Our summer TV fare this summer has featured a lot of trips to the Turner Classic Movies On Demand channel, and lately we’ve been checking out a number of films featuring one of Hollywood’s biggest stars of the ’60s and ’70s — Steve McQueen. We’ve watched some of his most memorable movies, including The Magnificent Seven, The Great Escape, The Cincinnati Kid, The Sand Pebbles, Bullitt, The Thomas Crown Affair, and Papillon.
Steve McQueen was an iconic figure, and I’m not sure that any actor since has created the kind of distinctive persona that McQueen so firmly established. He was the ultra-cool, imperturbable character who didn’t say much, comfortably moved on the fringes of society, and wasn’t beholden to conventional behavior or lifestyles. And his most popular roles contributed to that particular persona — like The Great Escape, where McQueen played “The Cooler King,” an unflappable prisoner of war who constantly tried to escape and was routinely sent to the “cooler” for solitary confinement, where he entertained himself by bouncing a baseball off the wall of his cell and catching it, and Bullitt, where he played a tough-as-nails police detective who didn’t show a drop of sweat during the film’s classic car chase scene through the streets of San Francisco.

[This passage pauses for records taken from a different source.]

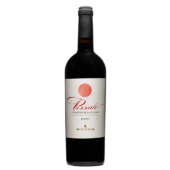 Trullo di Pezza “Pezzale” Primitivo di Manduria Riserva DOP, 2016 Bio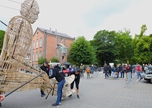 Carrossen & Coffee Kontich -  8 juni 2025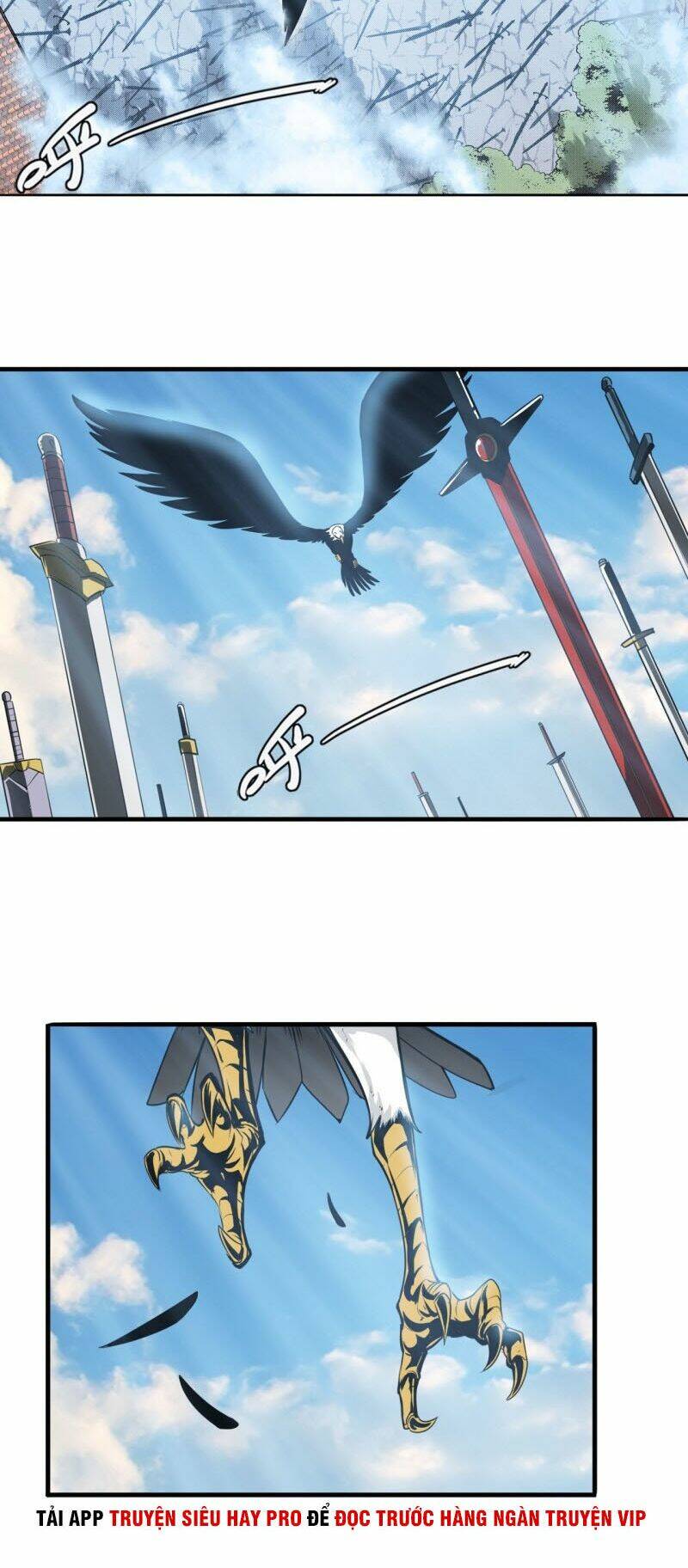 Anh Hùng? Ta Không Làm Lâu Rồi Chapter 232 - Trang 2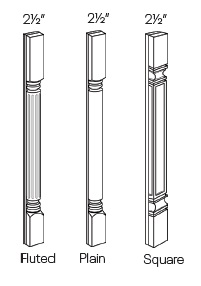 Spindles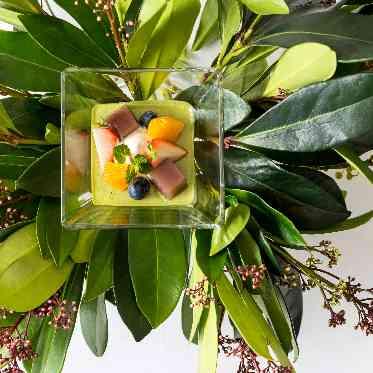 FUNATSURU KYOTO KAMOGAWA RESORT(鮒鶴京都鴨川リゾート) .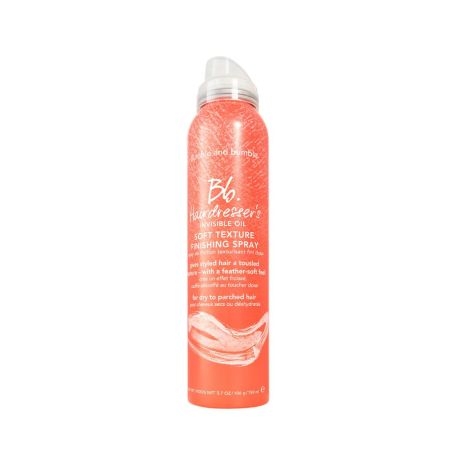 Bumble and Bumble HIO Soft Texture Spray 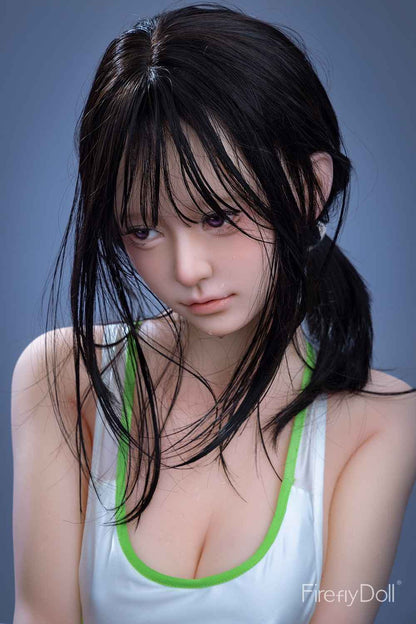 158cm (62.2") S-TPE Sex Doll – Jiuchuan, Firefly Doll, , Sexy Real Sex Dolls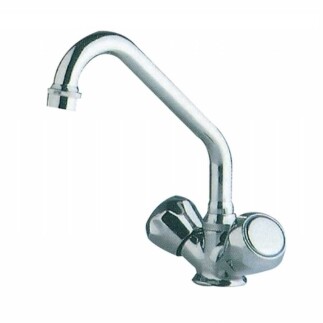 Barka Musluk Sıcak-Soğuk MG3100 - BARKA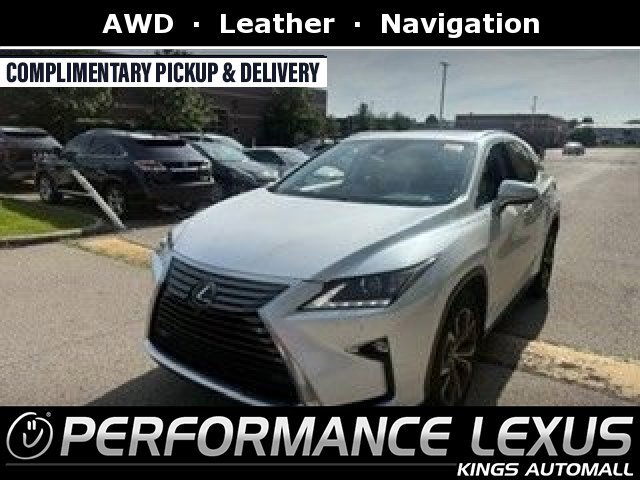 2019 Lexus RX 350 350 AWD's photo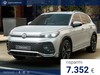 Volkswagen Tiguan eHybrid Edition Plus 1.5 TSI 204 CV DSG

My favorite McQueen film is The Magnificent Seven — it’s one of those movies that I will always stop to watch if I see that it is on — but the films we found to be a bit of a revelation were The Sand Pebbles, where McQueen played a disaffected sailor serving on a U.S. gunboat during troubled times in China in the 1920s, and Papillon, where McQueen played a French prisoner serving time in a notorious prison camp in French Guiana who never loses his iron determination to live and reach freedom. McQueen wasn’t just the walking embodiment of cool — the guy really could act, and he was nominated for a best actor award for his work in The Sand Pebbles.
Kudos to Turner Classic Movies for screening multiple films for certain actors that allow us to take a deep dive into the career of one of Hollywood’s most memorable stars.